Your assignment:
Under this line is some data; print exactly the lines from the one containing "1806 Funston St" through its last line, without pictures.
(Provided material)
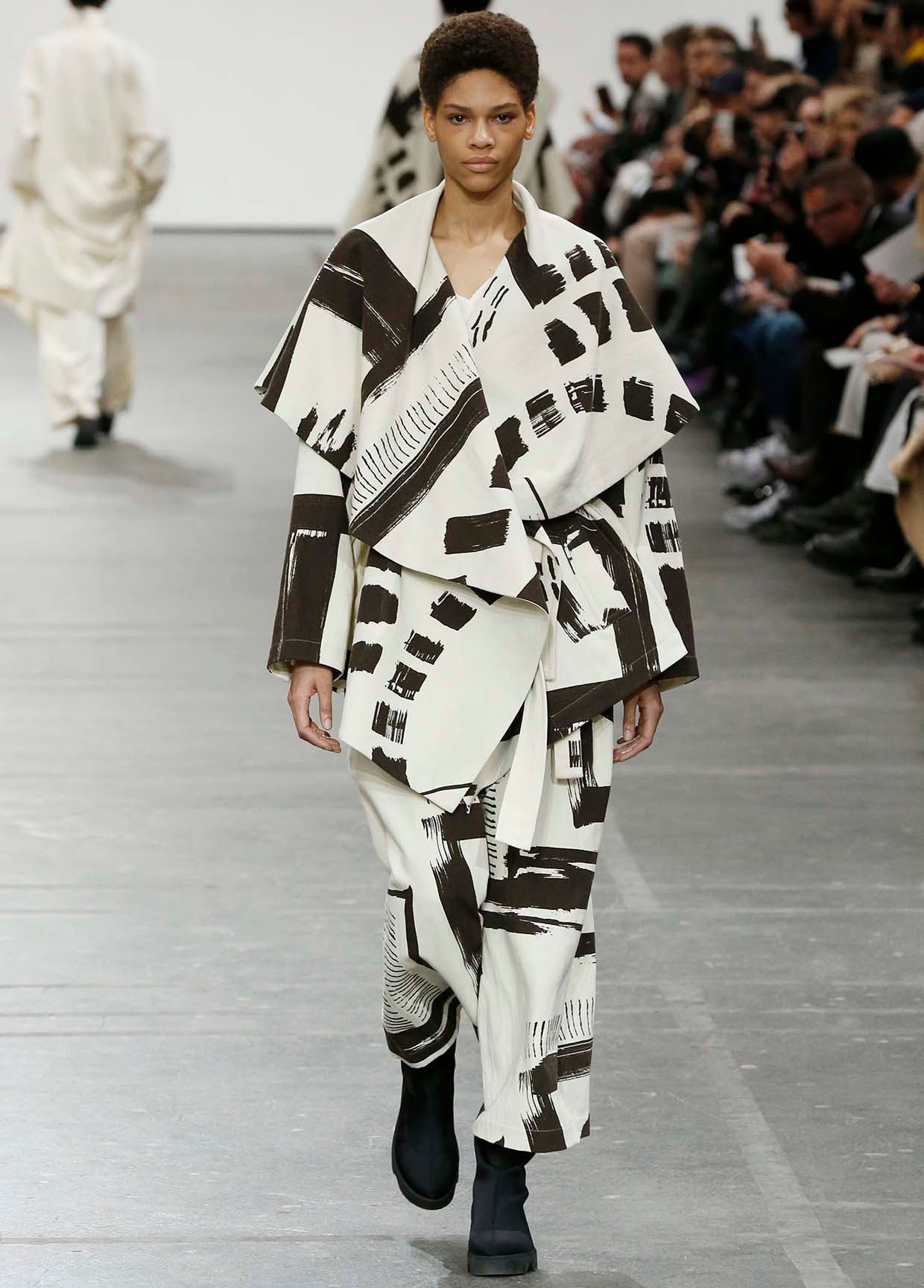 ISSEY MIYAKE AUTUMN WINTER 2020/21 コレクション 33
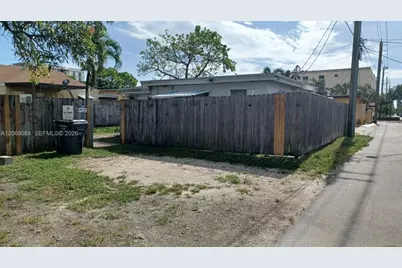 1806 Funston St #Rear, Hollywood, FL 33020 - Photo 2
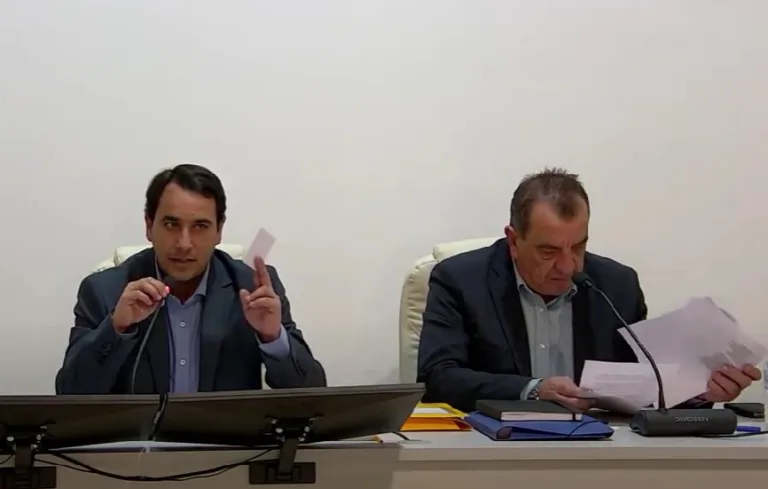 ΣΥΝΕΔΡΙΑΣΗ ΤΟΥ ΔΗΜΟΤΙΚΟΥ ΣΥΜΒΟΥΛΙΟΥ ΔΗΜΟΥ ΘΗΡΑΣ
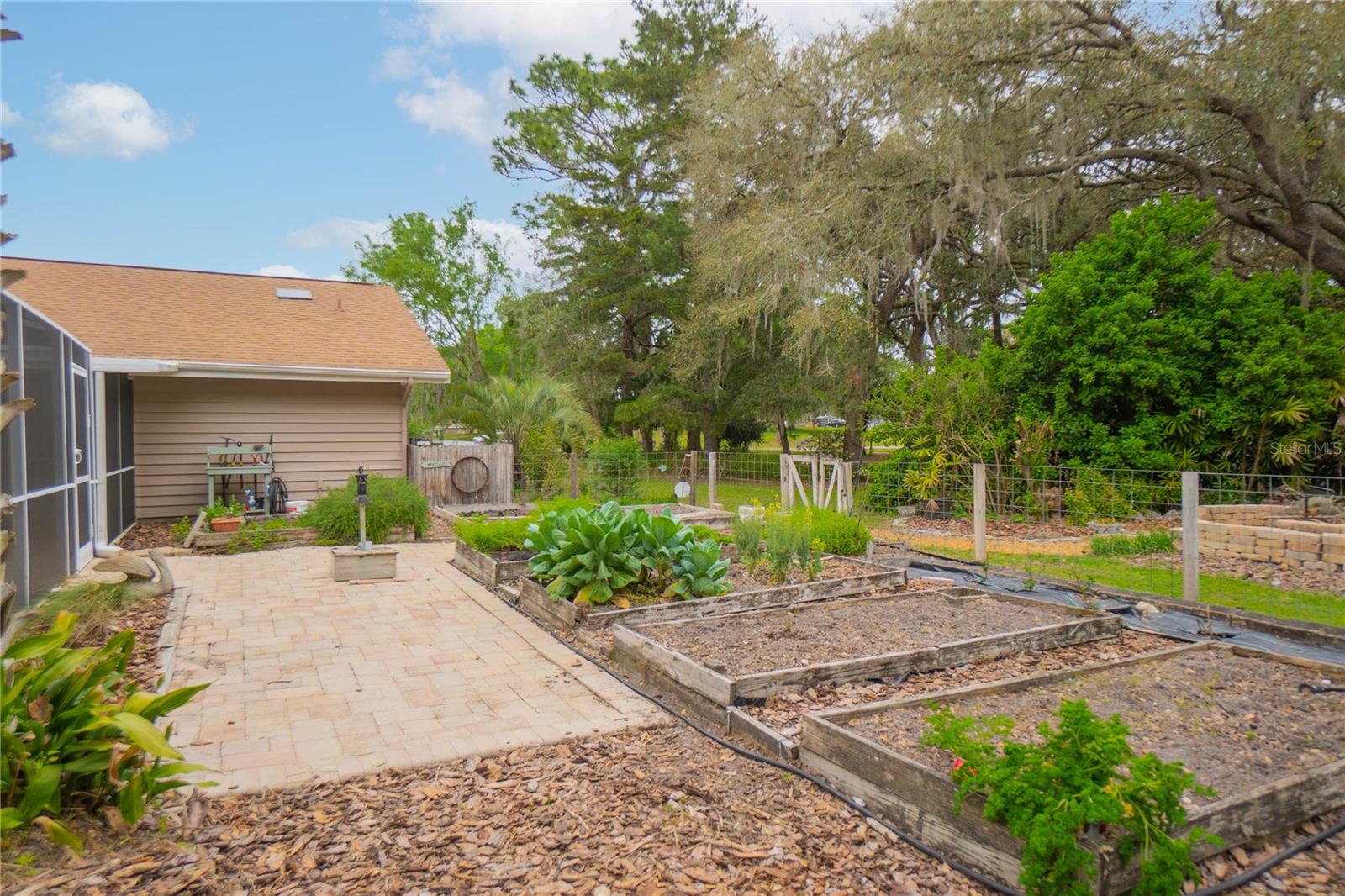 Image 48 of 66 For 9800 Regency Row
(End Provided material)
Output for this exercise:
 1806 Funston St #Rear, Hollywood, FL 33020 - Photo 2
 ΣΥΝΕΔΡΙΑΣΗ ΤΟΥ ΔΗΜΟΤΙΚΟΥ ΣΥΜΒΟΥΛΙΟΥ ΔΗΜΟΥ ΘΗΡΑΣ
 Image 48 of 66 For 9800 Regency Row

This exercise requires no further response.